Toprak, kayaların su, rüzgar ve sıcaklık etkileri sonucunda parçalanması ile oluşan abiyotik unsurdur. Biyosferde yaşamakta olan bütün canlılar doğrudan veya dolaylı yollar ile toprağa bağlıdırlar. Toprak türleri içeriklerine göre çeşitlilikler göstermektedir ve her çeşit toprak türü, üzerinde yaşamakta olan canlı türlerinin dağılımında da etkili olmaktadır. Toprak çeşitleri humuslu toprak, kumlu toprak, kireçli toprak ve killi topraktır.
Mineraller canlılar tarafından üretilmeyip, doğada hazır durumda bulunan organik olmayan maddelerdir. Mineraller canlı organizmaların vücutlarında yapıcı, onarıcı ve düzenleme gibi işlevleri yerlerine getirirler.

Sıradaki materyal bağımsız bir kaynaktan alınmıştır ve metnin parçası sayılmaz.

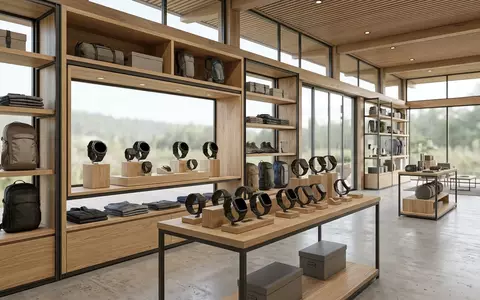 Architektur-Render im Outdoorgeschaeft mit Multisportuhr zum Thema Garmin Fenix 7 Pro, neutrales Tageslicht - Foto: THN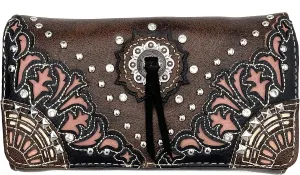 Zelris Autumn West Fringe Concho Women Crossbody Wrist Trifold Wallet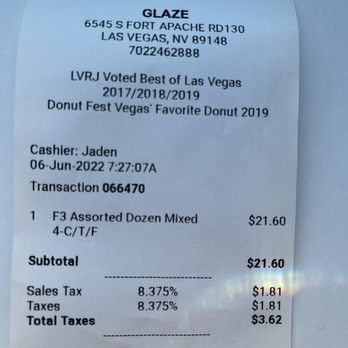 Glaze Doughnuts - Dbl taxed??? - Donuts Near Me - Las Vegas, Nevada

Su da bir organik olmayan madde türü olmasından dolayı, biyosferde yaşamakta olan bütün canlılar tarafından hazır olarak alınmak zorunda kalınan bir maddedir. Canlı vücudunda en fazla miktarda bulunan temel bileşendir. Su miktarlarının fazla olduğu ekosistemlerde canlı çeşitliliği de bir o kadar artmaktadır. Su, canlılardaki enzimlerin çalışabilmeleri için gerekli ortamı meydana getirir.
pH, sulu çözeltiler içerisinde bulunan hidrojen konsantrasyonuna bağlı olarak hesaplanan değerlere verilen isimdir. Bütün canlılar kendi metabolizmalarına uygun olan pH aralıklarında yaşamlarını sürdürmektedirler.